That new beginning didn’t live up to Samuel’s expectations. As the novel opens fifteen years later, he is working as an economic forecaster for the government in Calgary. It’s a stiflingly bureaucratic, dead-end job, where petty managerial types and lifeless co-workers make Samuel’s days almost unbearable.
Everything changes for Samuel when he finds out that his Uncle Jacob has died. Samuel and his uncle had grown apart. They had not spoken for a number of years, though Jacob had raised Samuel and, in a way, sacrificed himself for Samuel’s future. Jacob’s death weighs heavily on Samuel, yet his reaction seems more about having “a singular chance to get all his sadness out” than about familial love. Samuel is jolted out of his sadness and his workaday world when he receives a call telling him he has inherited Jacob’s old mansion in the small town of Aster, Alberta. The town, originally settled by freed slaves from Oklahoma, sounds to Samuel like the perfect place to start a new life, one that would allow him to live up to his potential, and he decides to exchange the drudgery of the city for the simplicity of small-town existence. When Samuel leaves his office for good after yet another minor humiliation, we cheer his resolve and look forward to what the coming days will bring.

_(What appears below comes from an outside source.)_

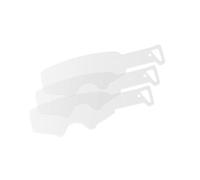 Tear-Off Laminado Gafas VelocityLeatt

Samuel believes that he is setting on a path to fulfill his personal expectations, but we begin to see the signs of what one reviewer has called Samuel’s “pathological temerity.” He doesn’t tell his family what has happened: not that he’s inherited the house, or that he plans to move there or even that he’s quit his job. Instead, he spends his days tinkering in the shed, emerging at just the right time to make it seem like he’s coming home from work. The truth comes out only when one of his daughters discovers his secret. His deception points to a paralyzing inability to communicate with others and suggests that this new beginning may be as fruitless as the last.
Maud and the twins, Chloe and Yvette, resist the move to Aster, but are helpless in the face of Samuel’s conviction that this is the right thing to do. And when they arrive, their new home — a gloomy, worn-down remnant of days long past — doesn’t exactly fill them with hope. But the seeds of renewal have been sown, the move has been made and they hesitantly take up their new lives. At first, the Tynes seem to be settling in — they meet some of their neighbours, Samuel sets up his own electronics shop, Maud begins to fix up the house and the twins are curious enough to at least begin exploring their new home. However, the idealized Aster of Samuel’s imagination proves to be as false as his family’s veneer of acceptance, and a dark undercurrent of small-mindedness, racism and violence soon turns on the town’s newest residents. When mysterious fires begin to destroy local buildings, and the bizarre yet brilliant twins retreat into their own dark world, Samuel’s fabled second chance slips slowly out of his grasp.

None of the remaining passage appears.